When you reach the records below, output every one exactly as written but leave out any pictures.

Records excerpted from a collection:
"""

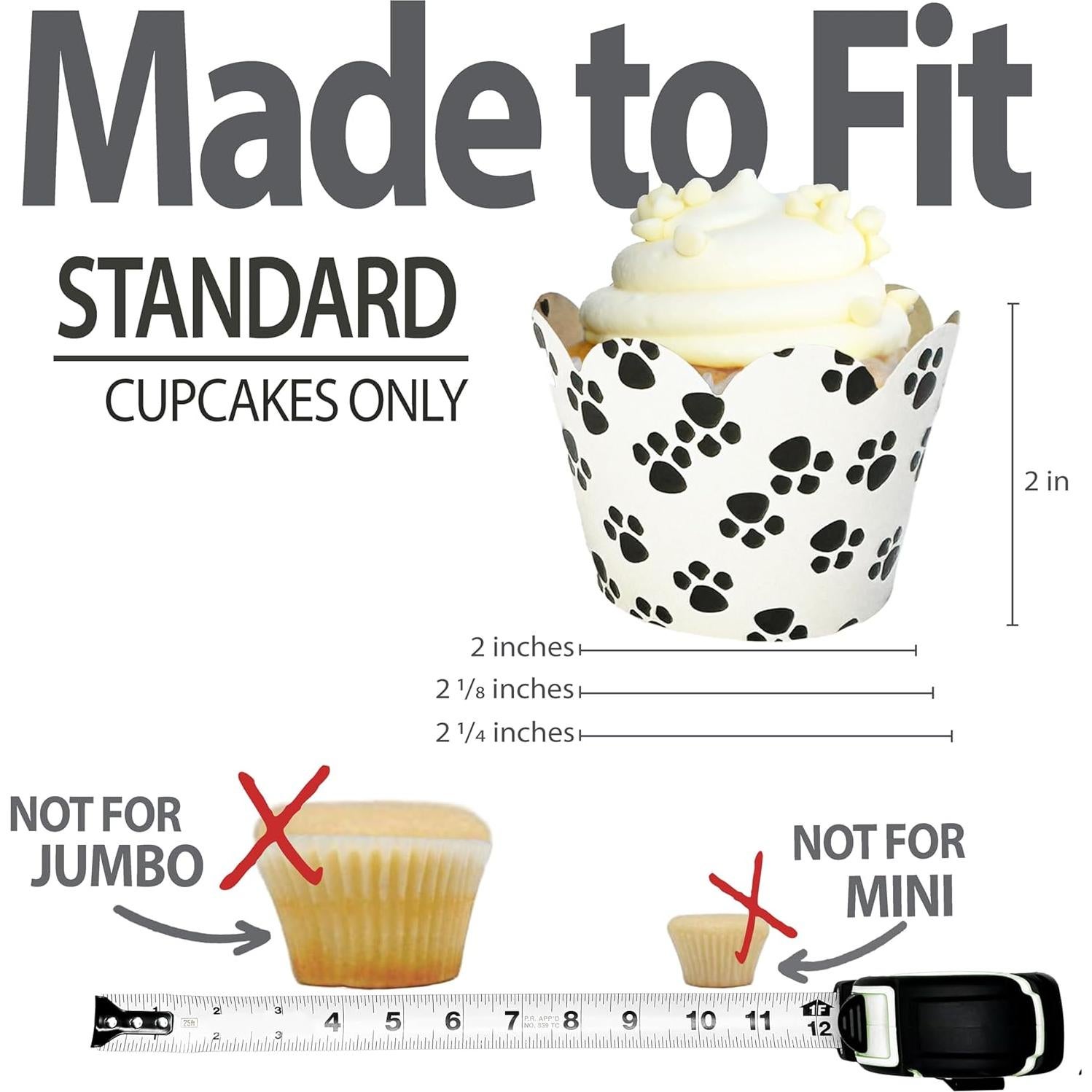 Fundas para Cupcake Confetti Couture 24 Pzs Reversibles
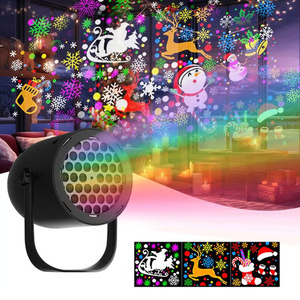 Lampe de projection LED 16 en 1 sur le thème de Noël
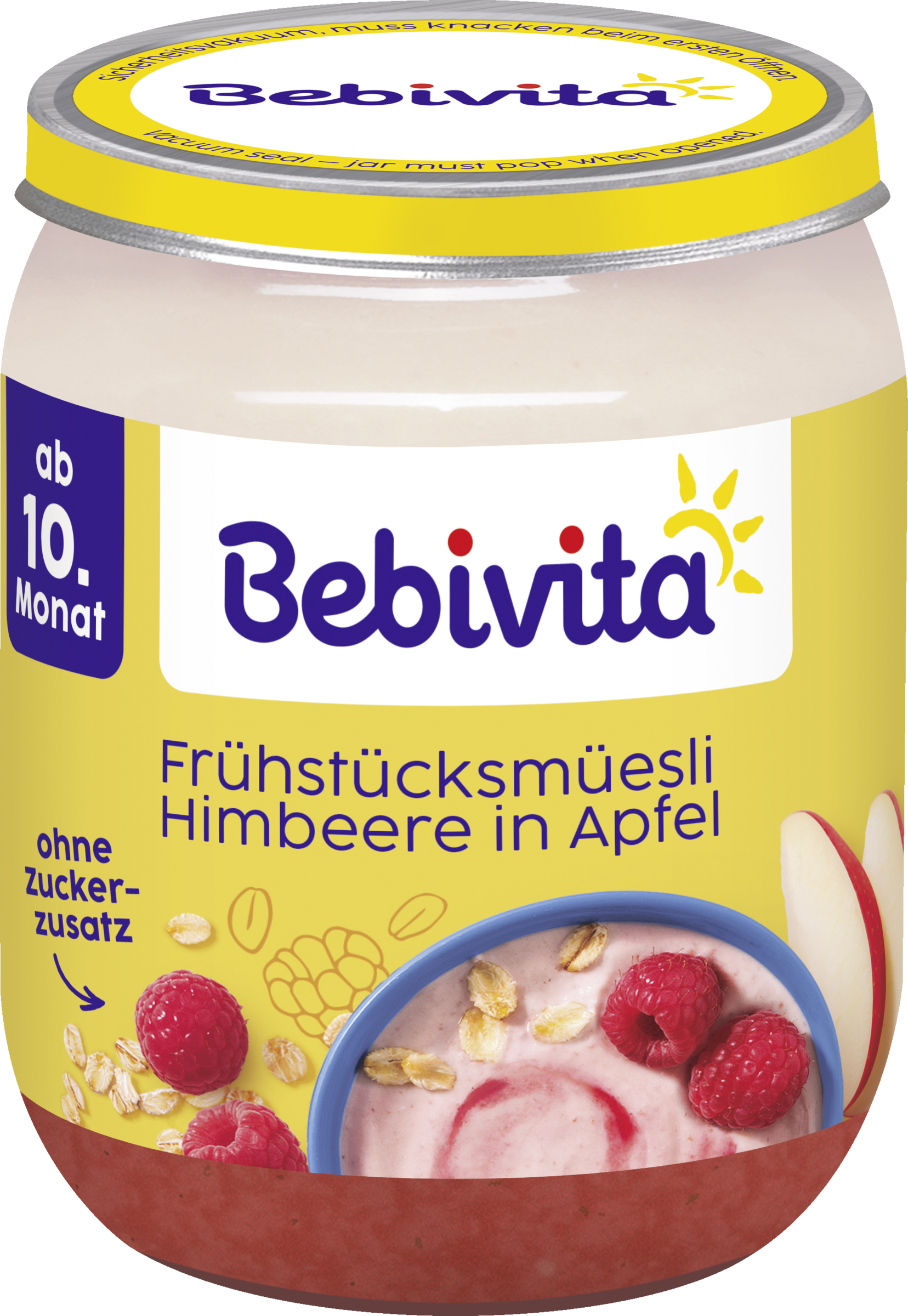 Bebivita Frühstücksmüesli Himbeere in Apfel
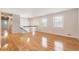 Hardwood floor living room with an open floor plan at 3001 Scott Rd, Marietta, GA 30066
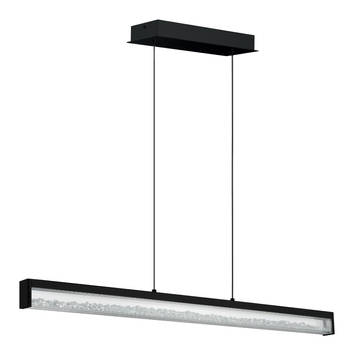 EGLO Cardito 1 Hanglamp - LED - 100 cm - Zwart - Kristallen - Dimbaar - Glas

"""

(TASK ANSWER):
 Fundas para Cupcake Confetti Couture 24 Pzs Reversibles
 Lampe de projection LED 16 en 1 sur le thème de Noël
 Bebivita Frühstücksmüesli Himbeere in Apfel
 Hardwood floor living room with an open floor plan at 3001 Scott Rd, Marietta, GA 30066
 EGLO Cardito 1 Hanglamp - LED - 100 cm - Zwart - Kristallen - Dimbaar - Glas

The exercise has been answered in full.